Cora remembers the help he got along the way with the Dodgers, not the least of which was offered by older brother Joey, the former big-league infielder who is now Ozzie Guillen's bench coach with the White Sox.

"I had Jeff Reboulet when I was coming up, Dave Hansen, a lot of veterans around me in LA," Cora said. "They were great with me. I always had somebody older than me. Joey played in the majors, but he didn't baby-sit me.

"So I'll do it with [Pedroia], I'll do it with anybody. A rookie, a 10-year veteran, I'm going to speak up.

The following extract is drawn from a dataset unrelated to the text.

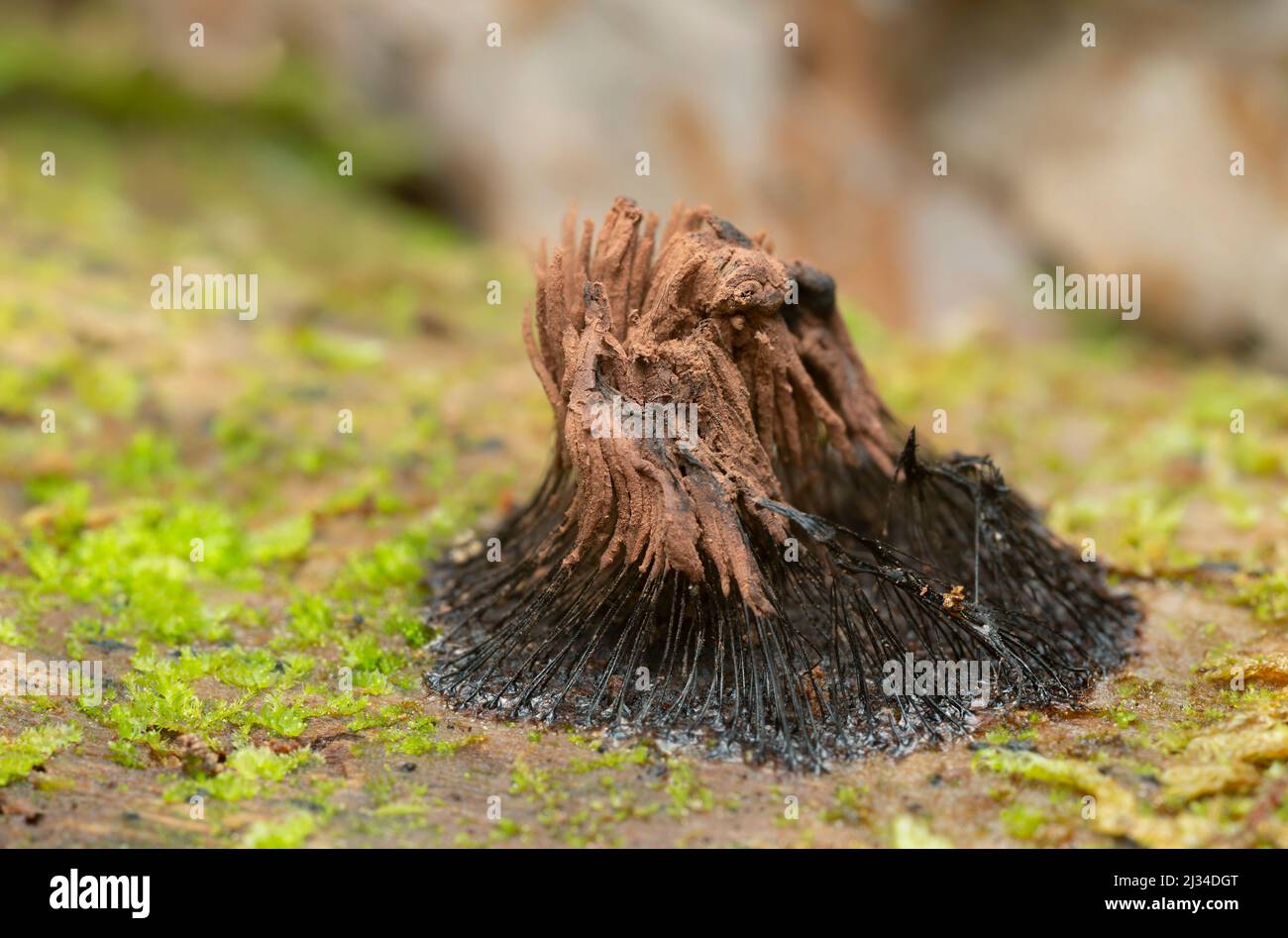 Stemonitis slime mould growing on wood Stock Photo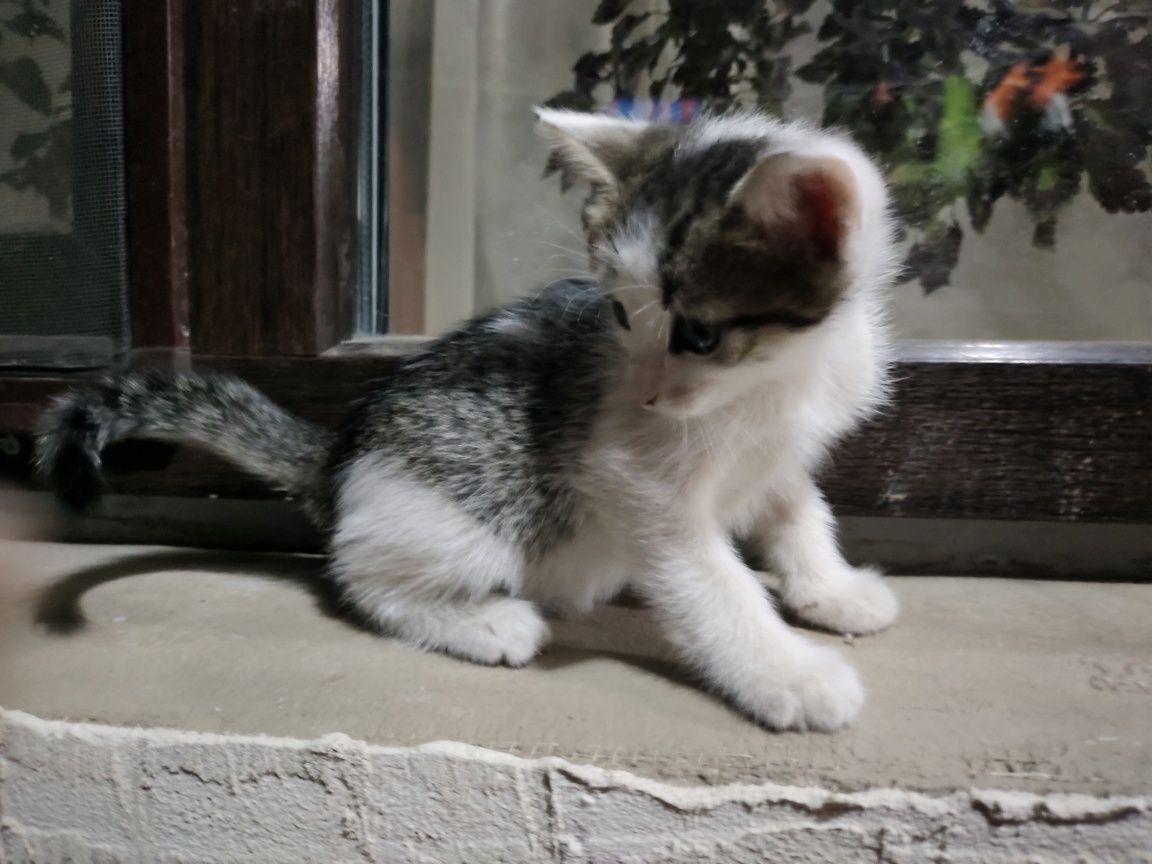 Котенок отдам в добрые руки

"God gave me some talent to play defense. I can get away with some stuff other people can't. I can't expect people to be able do everything I do. Alex Gonzalez can't expect people to do the things he does. I try to get a feeling of what [another player] feels, and go from there."

Pedroia said Cora couldn't have been more helpful.

"Awesome," Pedroia said. "He's the ultimate professional. He's helped me out so much, both defensively and offensively. He's told me to relax at the plate. It's good to have a guy like him.

"Everybody I talk to says he's an unbelievable teammate, and I understand why. Ever since I've known him, he's done anything possible to help me be a better player, and you never really see that these days. He wants to win, and so do I, and I think on this team, we all understand that."

Historic season
A native of Caguas, Puerto Rico, Cora is beginning his 10th season in the big leagues. He has played in 96 games each of the last two seasons. Last season, he played short (63 games, 47 starts), second (18, 10 starts), and third (11, 4 starts). When Gonzalez went on the DL with a strained oblique, Cora started in 11 straight games but batted just .128 (5 for 39), as the entire team, which was missing Manny Ramírez and David Ortiz over much of that stretch, went into an offensive funk (.190 average).

Cora finished the season with a .238 average, 1 home run, and 18 RBIs. He has 4 home runs in 485 at-bats over the last two seasons. Only seven players with at least 450 at-bats have hit fewer in that span. A short bat has kept him from continuing as a starter, as he was his last two seasons with the Dodgers.

But his defense, on both sides of the bag, is exemplary. He went 40 straight games (26 starts) last summer without an error, and made just 7 errors for the season (6 in 239 chances at short). He was a key part of what was statistically the best fielding team in big-league history (.989, 66 errors). There were 108 games last season in which the Sox didn't make an error, second most in big-league history to Seattle's 112 in 2003.

With last season's double-play combination having moved on, the Sox aren't likely to approach that number this season.

"What Alex did last season was great," Cora said. "Mark was a solid second baseman, and Youks [Kevin Youkilis] is one of the best defensive first basemen in the league.

"We can't say now that because we don't have Alex and Mark, our goals are going to be lower, our expectations are going to be lower. Hey, we led the majors in fielding, we got to keep shooting for that. We had the best defense in the majors and with the added offense, we've become a complete team. Last year, we ran out of gas a little bit with our offense.

"This is a complete team, it's a good baseball team. We've got speed. We're going to have speed at the top and bottom of the lineup. Offensively, we've got a lot of options. J.D. [Drew] brings a lot to the table, not only offensively but the way he runs the bases, the way he plays defense, and with the quality of at-bats he puts on.

"That presence we're going to have behind Manny, it's going to help Manny more. It was getting to the point in certain situations last season where they pitched to David but they didn't want to pitch to Manny, and it's going to come to the point where they might not pitch to both. Somebody has to pick them up, and having J.D. Drew behind them is going to be huge for us."

And what does Cora bring? His glove, his intelligence, and his attitude; this winter, he trimmed more than 10 pounds and a few points off his percentage of body fat by cutting back on his diet and running a lot more.

"I'm not a superstar, so I know my role," he said. "I know I have to be a good player, first and foremost, but I have to be a good teammate. Whatever I give the team on the field, I've got to give in the clubhouse, too. If I do that, I'm doing my job."